** Directions for this task **
Reproduce exactly the lines from the one that holds "Circular Radiance Necklace" through the last line of the entries, both ends included, but not the pictures.

** Data for this task **
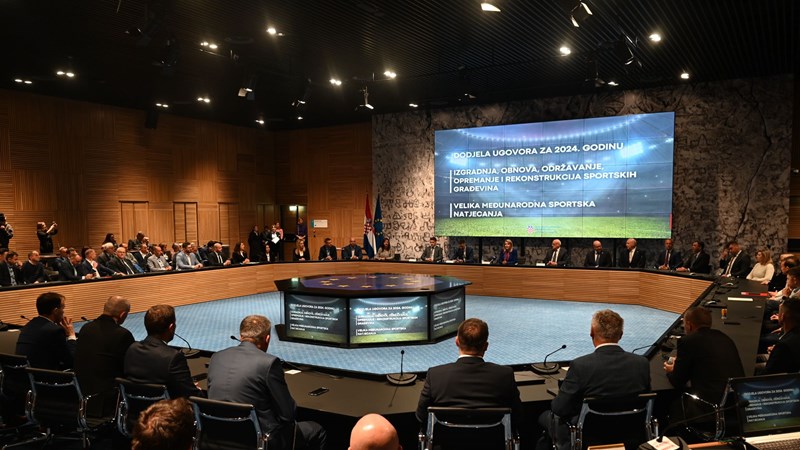 Ministrica Brnjac uručila ugovore za sportsku infrastrukturu i manifestacije vrijedne više od 15 milijuna eura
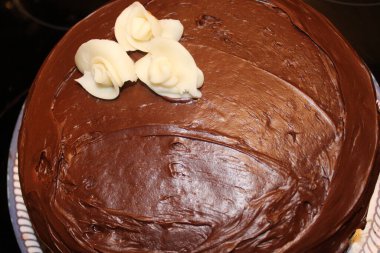 Beyaz Fondant Gülleri ile Çikolatalı Doğum Günü Pastası. 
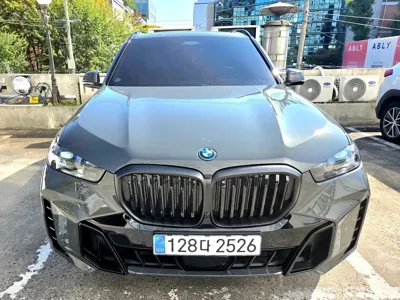 BMW X5 2024, 16000 км, за 71009.81 USD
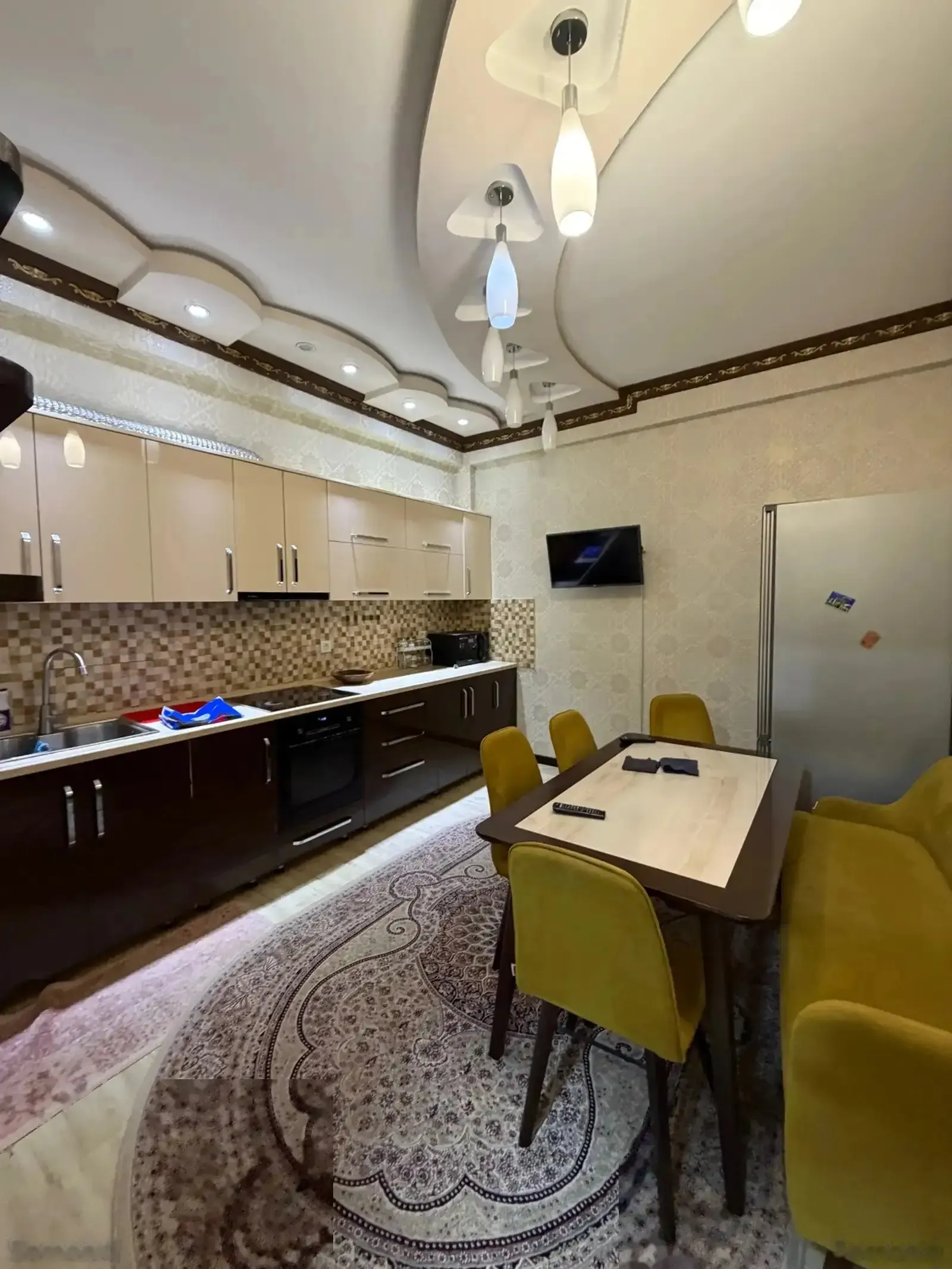 3-комн. квартира, 12 этаж, 100м², сино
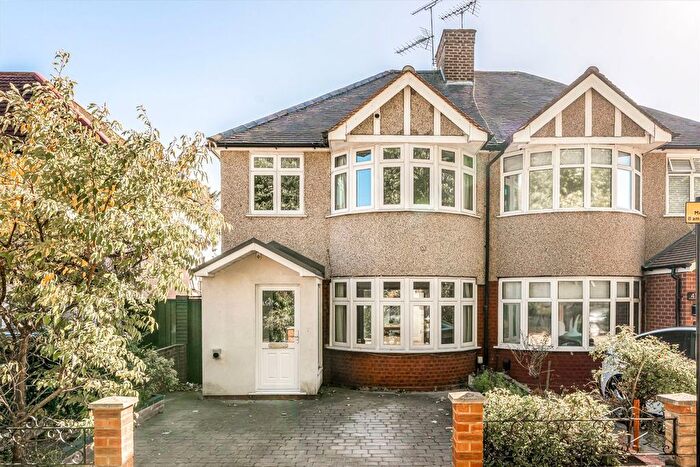 3 Bedroom Property For Sale In London Road, Isleworth, TW7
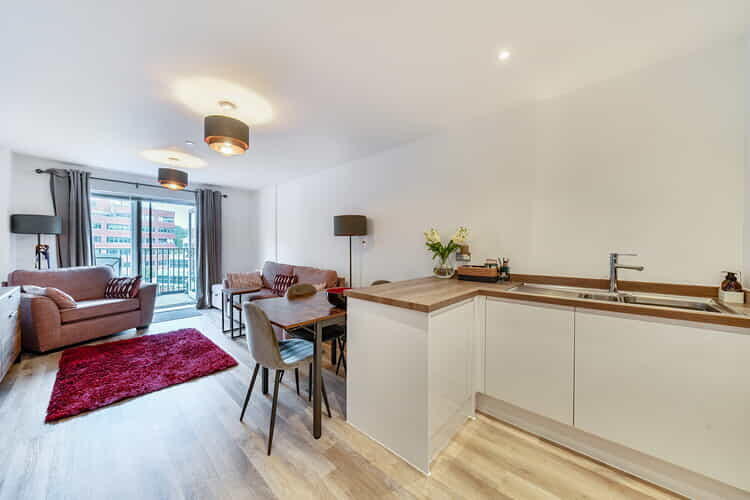 Apartment in Bracknell - More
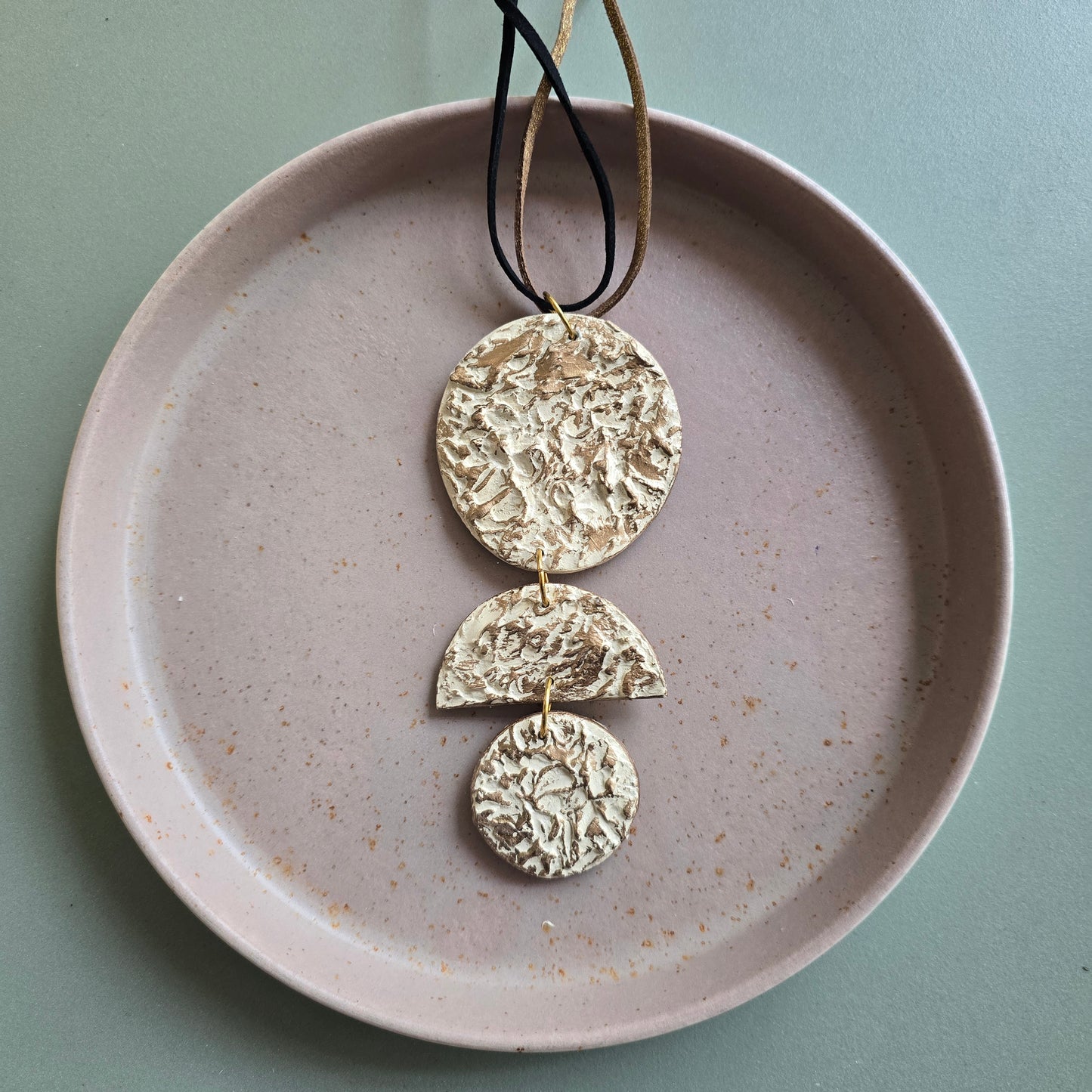 Circular Radiance Necklace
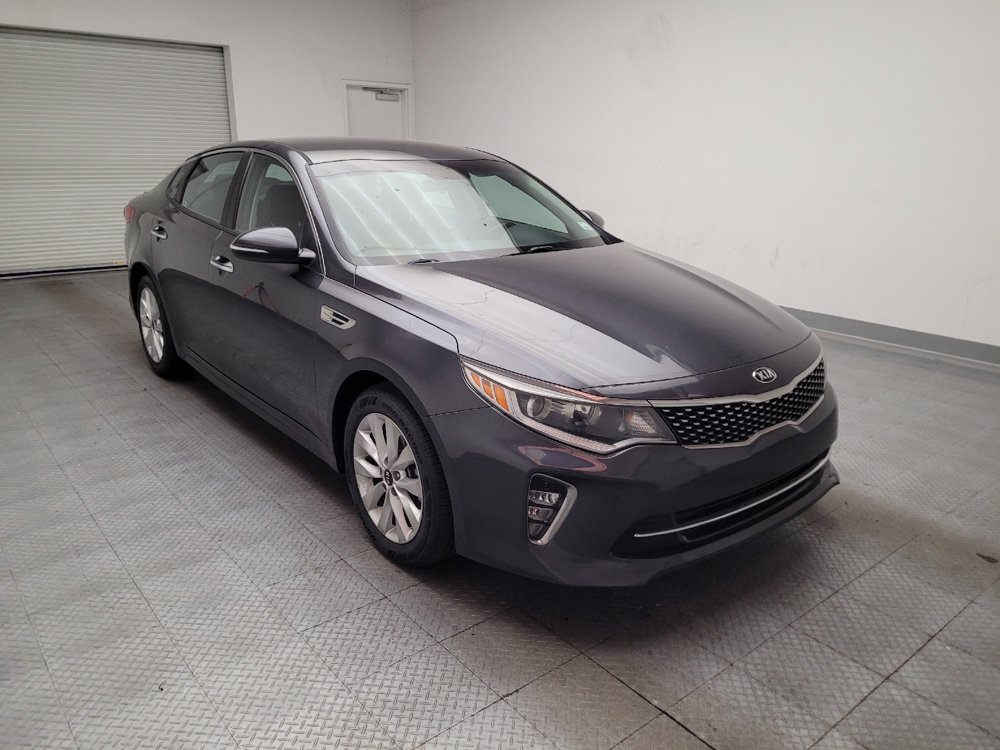 Used 2018 Kia Optima S FWD image 13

** Written response **
 Circular Radiance Necklace
 Used 2018 Kia Optima S FWD image 13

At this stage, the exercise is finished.